Lent: Holy, Transformative, and Joyful by the Rev. Will Compton

On Ash Wednesday, we are all invited “…in the name of the Church, to the observance of a holy Lent (BCP 265).” To help in the observance of a holy Lent and to mark this season, there are changes in our personal lives. We give something up such as sweets, sodas, candy, or something else we enjoy. We may take on a discipline such as reading a book, exercising, or engaging in a variety of forms of prayer. All of this we offer to God and to remind ourselves that God desires to be in relationship with all of us.

There are also changes to our worship which will make this season more palpable. Some of these changes are mandated in the Book of Common Prayer while others are auxiliary changes that further highlight the themes of the season. The Alleluias disappear. The Gloria (Glory to God in the Highest) will be replaced by the Kyrie (Lord, have mercy). We will switch to Eucharistic Prayer D and the Prayers of the People will be different as well. At the end of the service, a prayer for the human family will be said and a solemn prayer over the people will replace the blessing.

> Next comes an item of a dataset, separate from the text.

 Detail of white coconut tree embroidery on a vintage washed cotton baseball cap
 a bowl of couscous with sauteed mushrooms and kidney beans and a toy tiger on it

Notice as well, a change to the aesthetics of our worship. There will be no flowers and the color of the season will change to sackcloth which is a symbol of repentance. Also, the more ornate items we use in our worship will be replaced by more mundane items such as the cross over the altar, the processional cross, the offering plates, and the chalices. I hope these changes help you in your walk this season as we prepare to make our way to the cross and ultimately the empty tomb.

Lent is a time when we do more. We may “do more church” during this time or we may “do more prayer.” The Chapel of the Cross is offering a variety of ways to help you do more during Lent. First, I invite you to come to the Wednesday healing service at 5:30. In fact, make it a part of your Lenten discipline. Lent is a time of healing and wholeness. That is what the healing service offers. You do not have to be sick to attend a healing service and receive the laying on of hands. What the healing service offers is healing, wholeness, and peace which is what God wants for all of us. Furthermore, Lent is a time of quiet. If this is something you need more of in your life, again I invite you to come to the healing service.

Finally, Lent is about relationships. Lent is about our relationship with God and with each other. There is no better way to explore these relationships than to make our Lenten marriage enrichment class a part of your discipline as well. It will meet on Wednesday nights from 6:00-7 with supper and childcare provided. If you are interested, please let Will or Ben know.

We hope your Lent will be holy, transformative, and joyful. That’s right, I said joyful. Though Lent by nature is more of a quiet and penitential nature that does not mean we are not joyful in our repentance. After all, the word Lent comes from an Anglo-Saxon word meaning “Spring” and when we tend to think of Spring we think of new life. We hope that is what you ultimately receive during this season, new life in Christ. Happy Lent!